Functional Testing of Machine Learning Models

Black-box testing and oracles

Black-box testing of machine learning (ML) models refers to testing with no knowledge about the internal details of the model, such as the algorithm used to create it and the features in it. The main objective of black-box testing is to ensure the quality of the models in a sustained manner.

The difficulty in black-box testing lies in trying to identify the test oracle, a mechanism for determining whether a test has passed or failed.

Why are ML models considered non-testable? How could they be made testable?

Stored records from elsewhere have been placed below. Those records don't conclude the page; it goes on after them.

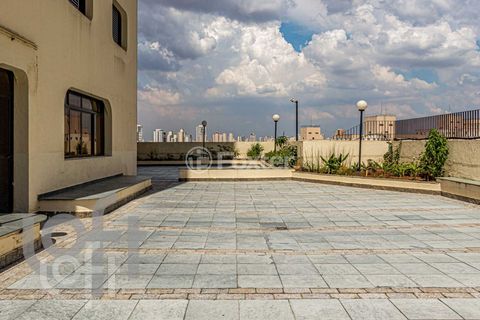 Image 4 - 327272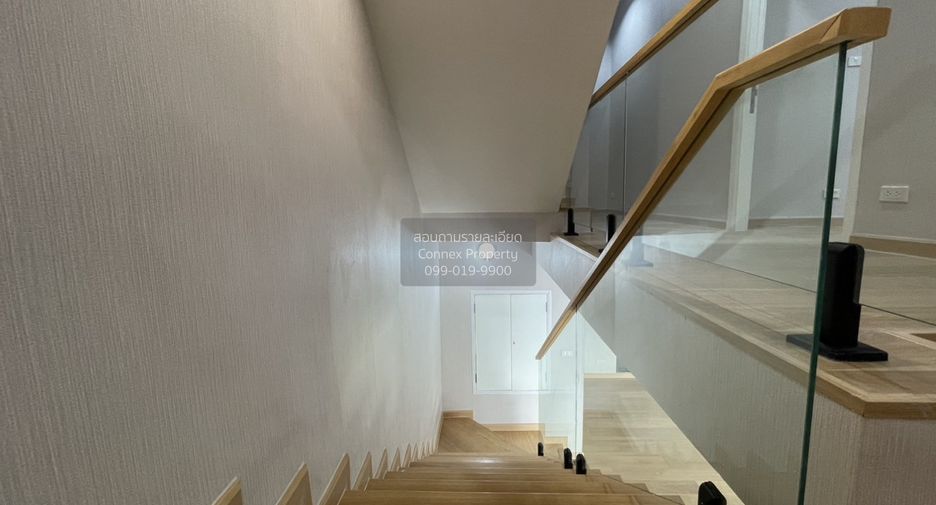 Casa en venta de 3 habitaciones en Watthana, Bangkok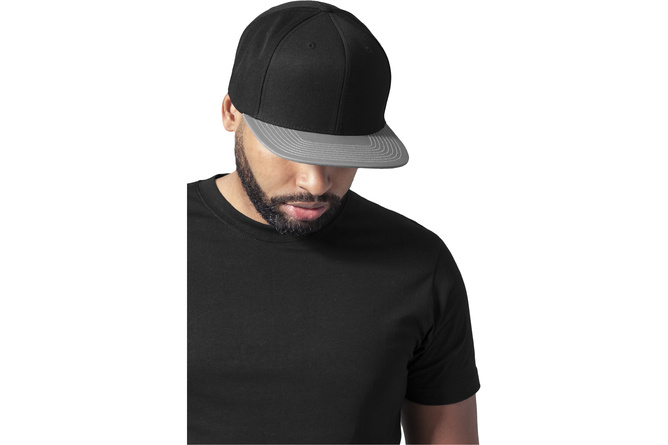 Snapback Cap Reflective Visor Flexfit negro/gris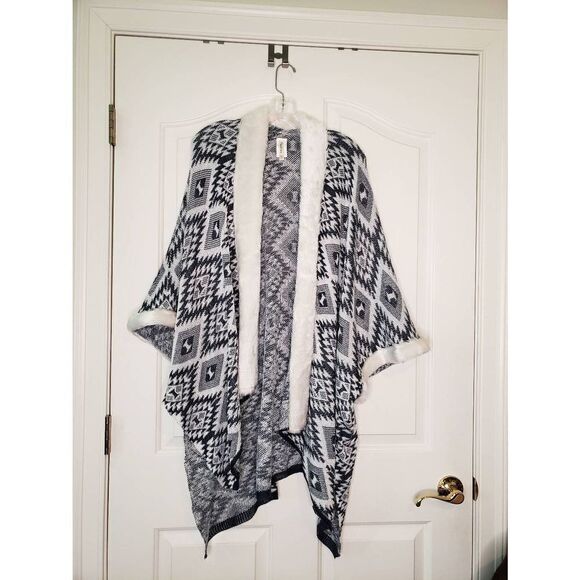 Pinkalicious Sweater - Picture 2 of 7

In the case of conventional software development, models are made testable by using a test oracle, such as testers, test engineers or testing mechanisms working alongside the test program. An oracle can verify the outcome of a test against expected values. ML models, however, are often considered untestable because of the difficulty in performing black-box testing on them. Since ML models output some sort of prediction, there are no expected values against which to verify test outcomes.

For lack of a test oracle, pseudo-oracles are used. Pseudo-oracles denote the scenario when the outputs for the given set of inputs are compared with each other and correctness is determined.

For example, to solve a problem, a program has been coded using two different implementations; one of them will be considered the main program. The input passes through both implementations. If the output is the same as or proportional to (i.e., it falls within a given range around a predetermined value) the main program, then the program can be considered working as expected or correctly.

Absence of test oracle

That is one of many techniques used to perform quality control checks on ML models.

Functional testing

To better understand functional testing of ML models, consider the following example:


      f = function under test

      x = input

      y = output

      H = Heuristic (i.e., the test or an experiment)

      O = Observation and oracle (i.e., the expected result)

Flow diagram of functional testing

How does a tester perform functional testing for ML models?

Testers must determine the f, x and y values before testing the models. If need be, they may consult with the engineers who are building the product, they may read and write documentation, they may rely on their own experience by making assumptions and they may research materials online. Through those methods, testers will arrive at possible experiments and tests (H) and expected results (O). They will also help find functional bugs.

Testers clarify the understanding of the f, x, and y values through every iteration of the testing process.